Goa is a small state on the western coast of India. Even though it is the smallest of all Indian states it has played a very noteworthy role in Indian history. Goa is the perfect place to go on a sightseeing tour. Goa was one of the major trade centers in India, thus it had always been attracting the influential dynasties, seafarers, merchants, traders, monks and missionaries since its earliest known history. Through the passage of time, Goa has undergone a constant transition, change and transformation, which has left a remarkable impression on various aspects of cultural and socio-economic development of Goa.
The first written reference to Goa appears to have been in cuneiform, in Sumerian times, when King Gudea of Lagash called it Gubio, this was around 2200 BC. In fact Goa was shaped geographically and ethnically by many cultures that single it out from other parts of India. The Mahabharata also makes reference to the Brahmanic colonization of Goa. The first literary reference to Goa is in the Bhishma Parva of Mahabharata as Gomanta which means the region of cows.
The sheer inaccessibility of Goa by land has always kept it out of the mainstream of Indian History. On the other hand, its control of the seas and above all the lucrative spice trade made it a much-coveted prize for rival colonial powers. Until a century before the arrival of the Portuguese adventurer Vasco Da Gama who landed near Kozhikode in Kerala in 1498, Goa had belonged for over a thousand years to the kingdom of Kadamba. In the interim it had been successfully conquered by the Karnatakan Vijayanagars, the Muslim Bahmanis and Yousuf Adil Shah of Bijapur but the capture of the fort at Panaji by Alfonso De Albuquerque in 1510 signaled the start of a Portuguese occupation that was to last for 450 years.
Meanwhile, conversions to Christianity started by the Franciscans gathered pace when St.Francis Xavier founded the Jesuit Mission in 1542. With the advent of the inquisition soon afterwards laws were introduced censoring literature and banning any faith other than Catholicism even the long established Syrian Christian community were branded heretics. Hindu temples were destroyed and converted Hindus adopted Portuguese names such as DA Silva, Correa and De'Sousa which remain common in the region. The transitional influence of the Jesuits eventually alarmed the Portuguese government. The Jesuits were expelled in 1749 which made it possible for Indian Goans to take up the priesthood. However, standards of education suffered and Goa entered a period of decline. The Portuguese were not prepared to help but neither would they allow native Goans equal rights. An abortive attempt to establish the Goan Republic was overwhelm with the execution of fifteen Goan conspirators.

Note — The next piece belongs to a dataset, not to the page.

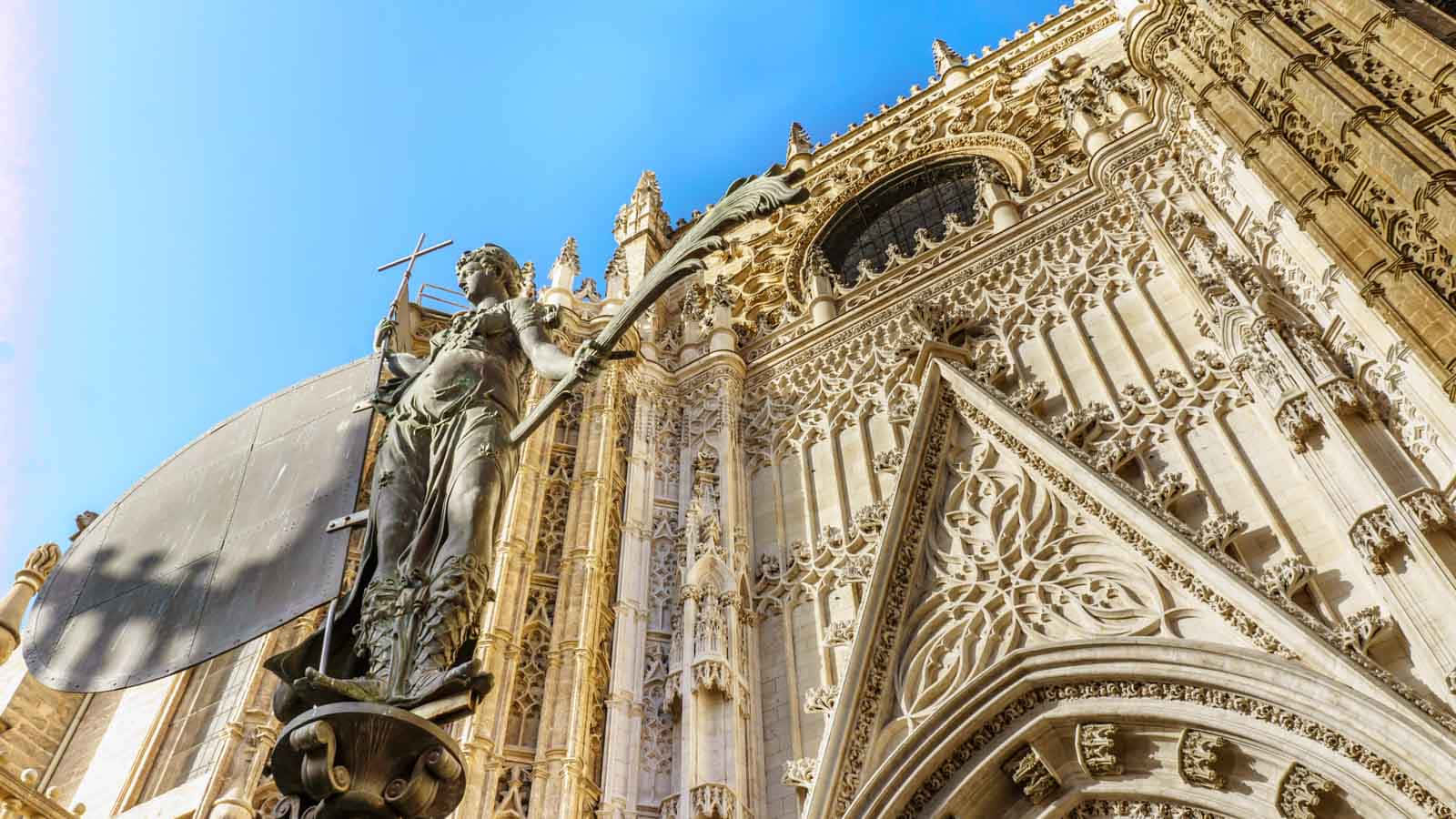 Fotode La Catedral De Sevilla Vista Desde El Suelo Fondo de pantalla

Since Independence Goa has continued to prosper bolstered by receipts from iron-ore exports and a booming tourist industry, but it is struggling to hold its own against a tidal wave of immigration from other Indian States. Its inhabitants voted overwhelmingly to resist merger with neighbouring Maharashtra in 1980's and successfully lobbied for Konkani to be granted official language status in 1987 when Goa was finally declared a full-fledged state of the Indian Union. As a legacy of its unusual colonial history Goa inherited a mixture of language. Portuguese is still spoken as a second language by a few Goans, although it is gradually dying out. The official language of India is Hindi, which children in Goa are obliged to learn in school. Konkani is now accepted as the official language of the state and Marathi is also taught as a standard subject. We can conclude that Goan history is very deep and out of the ordinary. There are many hotels, resorts and places to see in Goa the most fascinating thing about Goa is the beach, the famous movie “EK DUJE KE LIYE“ was shoot on the DONA PAULA beach of Goa and many other movies are also shoot at Goa. The beauty of Goa has attracted worldwide tourists.